Hukuk mu, kanun mu derseniz, benim savunacağım şey hukuktur; kanun değil!
Kanun, önüne gelenin dilediği gibi hazırlamış olduğu yasalar silsilesidir.
Ama hukuk öyle değil!
Şu anda benim hukukumu bir yasa korumuyorsa, ben ona hukuk demem.”
Demek hukuk ile kanun arasında bir tercih yapabildiğine göre, bu kavramları birbirinden apayrı müesseseler sanıyor.
Ona kalsa, ikisinden birini seçerek diğerine uymamak mümkün.
Ben, benden önce yapılmış yasaları tanımam; ancak kendim yaparsam uyarım.
Valla kıyak mantık!
Hepimiz, hayata bakış açımıza göre, beğenmediğimiz yasa hükümlerini sallamayabileceğiz demek ki.
Böyle şey olmaz!
Bunun hukukta yeri yoktur.
Kanun, hukukun bir türevi ve hukuk devletinin asli unsurudur.

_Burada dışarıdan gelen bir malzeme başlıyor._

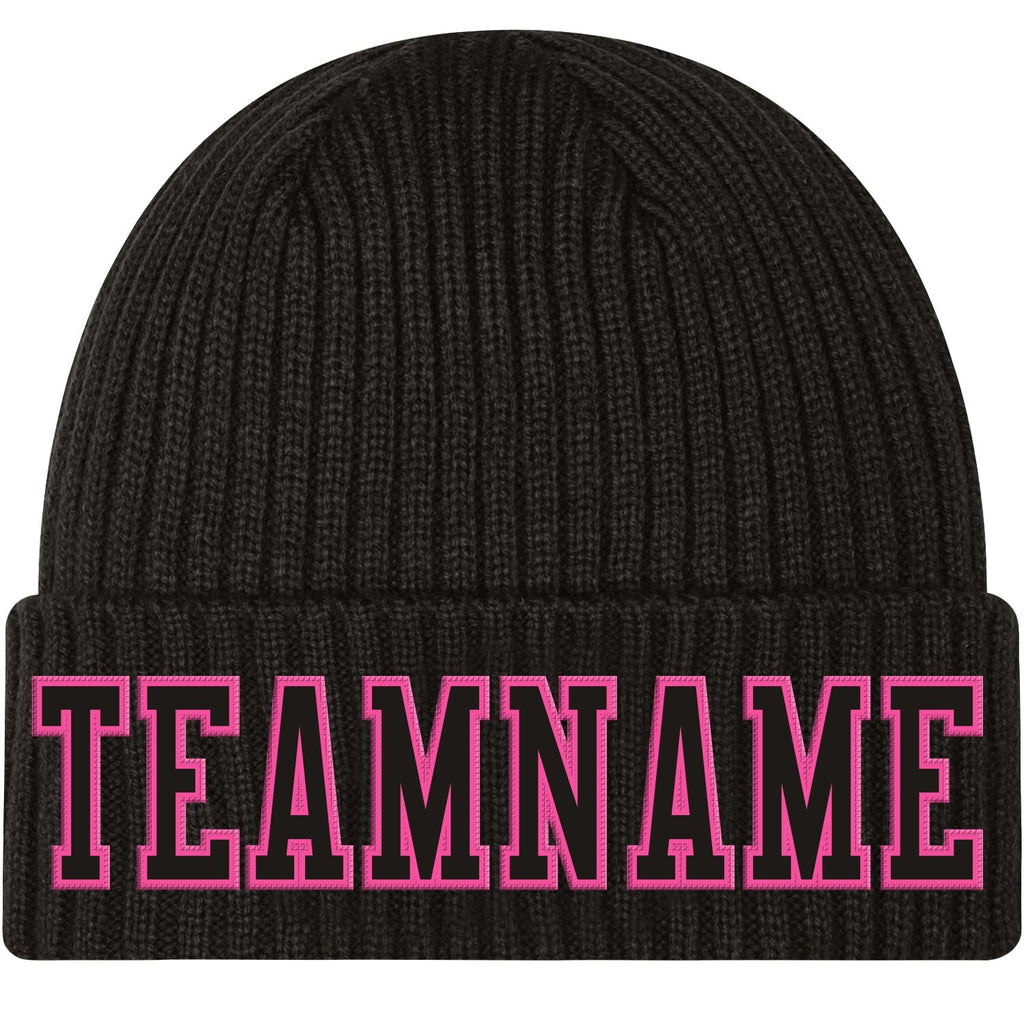 Custom Black Black-Pink Stitched Cuffed Knit Hat photo 1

Halk iradesinin meclisteki izdüşümüne bağlı olarak, hukukun içinden doğar.
Norm şeklini almak suretiyle ete kemiğe bürünerek yürürlük kazandığı içindir ki, kanuna “pozitif hukuk” denmiştir.
Hukuk eğer denizse; kanun da sizin onun içinden çekip alarak adalet sofranıza koyduğunuz toplumsal besin maddelerinizdir.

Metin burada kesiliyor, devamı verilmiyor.